L’éclat du Soleil, par conséquent, est à celui d’une étoile de première grandeur, comme 108 000 millions est à 1.

Dans son calcul Lambert a supposé (car le résultat précédent est purement théorique) que la matière de Saturne réfléchit la septième partie de la lumière incidente.

On trouve dans les Transactions philosophiques, année 1829, des expériences de Wollaston qui conduisent à une évaluation du rapport de la lumière du Soleil à la lumière de Sirius. Les observations furent faites par la méthode de l’égalité des ombres, en prenant pour intermédiaire la lumière d’une chandelle. Le résultat définitif fut que la lumière du Soleil est 200 000 millions de fois celle de Sirius.
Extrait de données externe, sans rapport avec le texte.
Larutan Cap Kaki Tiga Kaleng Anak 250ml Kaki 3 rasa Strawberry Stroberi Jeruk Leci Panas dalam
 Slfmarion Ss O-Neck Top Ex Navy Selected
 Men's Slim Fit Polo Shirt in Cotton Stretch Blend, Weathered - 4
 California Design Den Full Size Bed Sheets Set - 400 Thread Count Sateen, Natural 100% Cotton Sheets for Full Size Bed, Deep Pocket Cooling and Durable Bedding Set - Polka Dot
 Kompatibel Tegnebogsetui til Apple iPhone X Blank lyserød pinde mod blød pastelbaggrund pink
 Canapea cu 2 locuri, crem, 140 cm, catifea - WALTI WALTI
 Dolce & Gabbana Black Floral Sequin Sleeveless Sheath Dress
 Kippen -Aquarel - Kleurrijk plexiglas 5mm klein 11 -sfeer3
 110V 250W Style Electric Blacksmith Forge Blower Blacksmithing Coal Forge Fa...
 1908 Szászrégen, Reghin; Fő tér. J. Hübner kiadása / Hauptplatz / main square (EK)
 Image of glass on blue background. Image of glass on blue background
Il n’y a rien dans tous ces résultats, ni dans ceux de parallaxe annuelle, qui soit contraire à l’opinion suivant laquelle les étoiles ne seraient que des soleils fort éloignés. Cette opinion avait, du reste, été adoptée par les anciens astronomes.

Héraclide et quelques autres philosophes de l’école d’Alexandrie enseignaient, selon Plutarque, « que chaque étoile était un monde existant dans l’immensité des cieux, et avait autour de soi une terre, des planètes et un espace céleste. »

Kepler, dans son Epitome, s’exprime en ces termes sur l’analogie qui peut exister entre le Soleil et les étoiles :

« Il est possible que le Soleil ne soit autre chose qu’une étoile fixe, plus brillante à nos yeux par sa proximité seulement, et que les autres étoiles soient également des soleils entourés de mondes planétaires. »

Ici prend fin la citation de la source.